Aki Kaurismaki suit pourtant les règles de l'art du cinéma muet : cartons insérés entre les scènes, musique qui appuit les expressions des acteurs, pellicule noir et blanc. Seul (petite) entorse, l'introduction d'une chanson française, "Le temps des cerises" chantée par l'actrice Elina Salo. Si le réalisateur a choisi ce mode d'expression, c'est parce que, selon lui, les histoires ont perdu leur pureté et le cinéma, son essence, l'innocence. Et pour s'imprégner de cette innocence, de cette pureté, Aki a visionné, étudié des centaines de films muets, tout en cherchant un style propre car il affirme qu'il ne voit aucune raison d'imiter des films muets. Ainsi, les images de Juha sont plus lentes que celles des Temps Modernes.

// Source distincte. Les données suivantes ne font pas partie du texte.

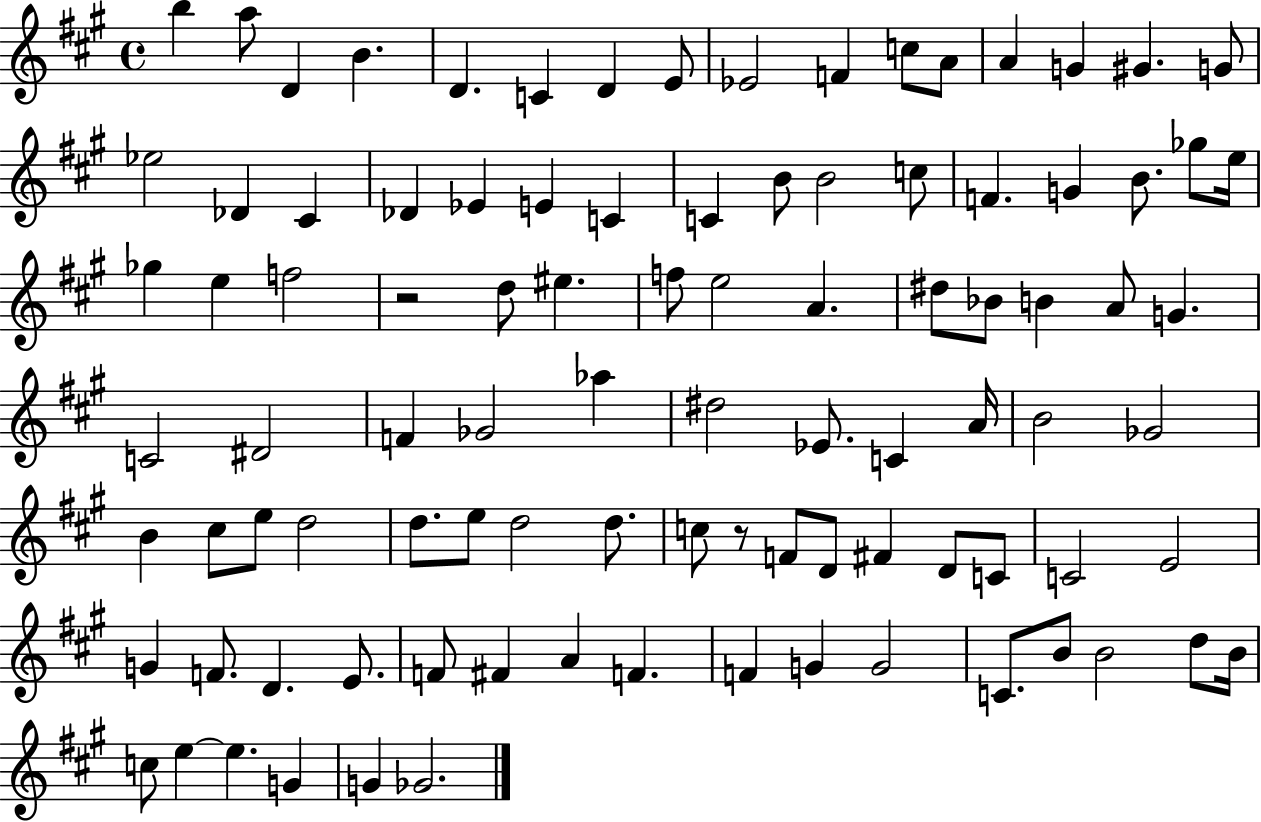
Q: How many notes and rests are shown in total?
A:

Aki Kaurismaki commencera peut-être au mois de mai prochain son prochain long-métrage, Queuing for soup, deuxième volet de sa trilogie sur le chômage. Le premier volet, Au loin s'en vont les nuages, a été présenté en 1996 au Festival de Cannes. Silence... ça tourne pour le réalisateur finlandais Kaurismaki. M.L.